Paul Langerhans Institute Dresden (PLID) of Helmholtz Zentrum München at the University Clinic Carl Gustav Carus of Technische Universität Dresden, Helmholtz Zentrum München, München-Neuherberg, Germany.
German Center for Diabetes Research (DZD), München-Neuherberg, Germany.
Mol Metab. 2017 Jul 8;6(9):943-957. doi: 10.1016/j.molmet.2017.06.019. eCollection 2017 Sep.
Plasma insulin levels are predominantly the product of the morphological mass of insulin producing beta cells in the pancreatic islets of Langerhans and the functional status of each of these beta cells. Thus, deficiency in either beta cell mass or function, or both, can lead to insufficient levels of insulin, resulting in hyperglycemia and diabetes. Nonetheless, the precise contribution of beta cell mass and function to the pathogenesis of diabetes as well as the underlying mechanisms are still unclear. In the past, this was largely due to the restricted number of technologies suitable for studying the scarcely accessible human beta cells. However, in recent years, a number of new platforms have been established to expand the available techniques and to facilitate deeper insight into the role of human beta cell mass and function as cause for diabetes and as potential treatment targets.
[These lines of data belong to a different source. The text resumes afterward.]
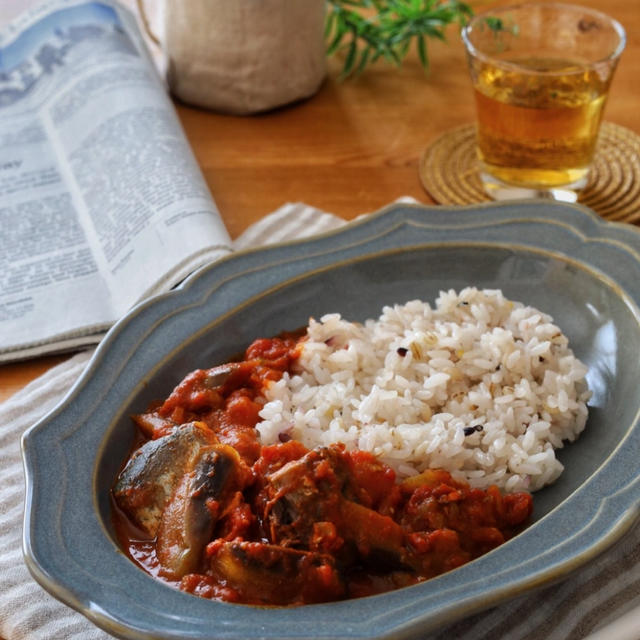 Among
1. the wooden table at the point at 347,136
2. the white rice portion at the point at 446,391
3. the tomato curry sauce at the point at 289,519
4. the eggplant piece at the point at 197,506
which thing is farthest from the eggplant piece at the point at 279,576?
the wooden table at the point at 347,136

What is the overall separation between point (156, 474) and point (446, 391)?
26.1 inches

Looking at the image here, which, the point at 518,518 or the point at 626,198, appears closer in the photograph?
the point at 518,518

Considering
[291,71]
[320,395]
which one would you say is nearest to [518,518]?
[320,395]

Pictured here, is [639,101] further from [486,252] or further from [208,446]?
[208,446]

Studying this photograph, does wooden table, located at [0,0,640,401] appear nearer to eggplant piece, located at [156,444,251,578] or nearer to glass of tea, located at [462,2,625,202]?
glass of tea, located at [462,2,625,202]

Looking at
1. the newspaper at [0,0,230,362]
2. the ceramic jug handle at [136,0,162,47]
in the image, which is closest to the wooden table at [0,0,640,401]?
the newspaper at [0,0,230,362]

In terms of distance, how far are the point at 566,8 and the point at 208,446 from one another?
6.37 feet

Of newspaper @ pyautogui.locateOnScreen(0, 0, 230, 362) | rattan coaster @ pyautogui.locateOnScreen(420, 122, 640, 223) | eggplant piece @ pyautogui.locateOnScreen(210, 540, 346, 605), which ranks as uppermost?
eggplant piece @ pyautogui.locateOnScreen(210, 540, 346, 605)

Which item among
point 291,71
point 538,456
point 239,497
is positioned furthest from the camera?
point 291,71

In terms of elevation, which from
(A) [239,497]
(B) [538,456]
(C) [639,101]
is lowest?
(C) [639,101]

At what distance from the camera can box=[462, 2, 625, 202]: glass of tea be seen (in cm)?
269

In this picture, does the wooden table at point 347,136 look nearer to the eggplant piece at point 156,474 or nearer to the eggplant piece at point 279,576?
the eggplant piece at point 156,474

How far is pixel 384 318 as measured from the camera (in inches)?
89.5

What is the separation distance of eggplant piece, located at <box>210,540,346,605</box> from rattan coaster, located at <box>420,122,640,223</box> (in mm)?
1624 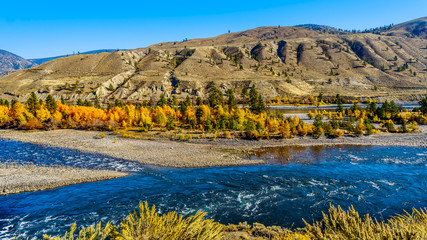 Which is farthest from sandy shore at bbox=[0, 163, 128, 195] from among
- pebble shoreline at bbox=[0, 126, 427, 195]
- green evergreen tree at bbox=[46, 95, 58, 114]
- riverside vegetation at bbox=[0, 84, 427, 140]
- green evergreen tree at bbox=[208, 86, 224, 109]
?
green evergreen tree at bbox=[208, 86, 224, 109]

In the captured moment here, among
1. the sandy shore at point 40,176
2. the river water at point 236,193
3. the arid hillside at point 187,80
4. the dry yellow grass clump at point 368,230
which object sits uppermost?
the arid hillside at point 187,80

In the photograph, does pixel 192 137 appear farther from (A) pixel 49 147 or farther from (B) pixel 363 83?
(B) pixel 363 83

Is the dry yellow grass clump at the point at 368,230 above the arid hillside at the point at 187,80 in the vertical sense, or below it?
below

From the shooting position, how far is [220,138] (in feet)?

This review discusses the current knowledge about contribution of human beta cell mass and function to different stages of type 1 and type 2 diabetes pathogenesis. Furthermore, it highlights standard and newly developed technological platforms for the study of human beta cell biology, which can be used to increase our understanding of beta cell mass and function in human glucose homeostasis.
In contrast to early disease models, recent studies suggest that in type 1 and type 2 diabetes impairment of beta cell function is an early feature of disease pathogenesis while a substantial decrease in beta cell mass occurs more closely to clinical manifestation. This suggests that, in addition to beta cell mass replacement for late stage therapies, the development of novel strategies for protection and recovery of beta cell function could be most promising for successful diabetes treatment and prevention. The use of today's developing and wide range of technologies and platforms for the study of human beta cells will allow for a more detailed investigation of the underlying mechanisms and will facilitate development of treatment approaches to specifically target human beta cell mass and function.
血浆胰岛素水平主要是胰岛 Langerhans 中胰岛素产生β细胞的形态质量和这些β细胞的功能状态的产物。因此,β细胞质量或功能的缺乏,或两者兼而有之,都会导致胰岛素水平不足,导致高血糖和糖尿病。尽管如此,β细胞质量和功能对糖尿病发病机制的精确贡献以及潜在机制仍不清楚。在过去,这主要是由于适合研究难以接近的人类β细胞的技术数量有限。然而,近年来,已经建立了许多新平台来扩展可用技术,并促进对人类β细胞质量和功能作为糖尿病病因以及作为潜在治疗靶点的作用的更深入了解。
本文讨论了目前关于人类β细胞质量和功能对 1 型和 2 型糖尿病发病机制不同阶段的贡献的知识。此外,它还强调了用于研究人类β细胞生物学的标准和新开发的技术平台,这些平台可用于增加我们对人类葡萄糖稳态中β细胞质量和功能的理解。
与早期疾病模型相反,最近的研究表明,在 1 型和 2 型糖尿病中,β细胞功能的损害是疾病发病机制的早期特征,而β细胞质量的显著下降则更接近临床表现。这表明,除了晚期治疗的β细胞质量替代外,开发保护和恢复β细胞功能的新策略对于成功的糖尿病治疗和预防可能最有希望。使用当今发展和广泛的技术和平台研究人类β细胞将允许更详细地研究潜在机制,并促进针对人类β细胞质量和功能的治疗方法的开发。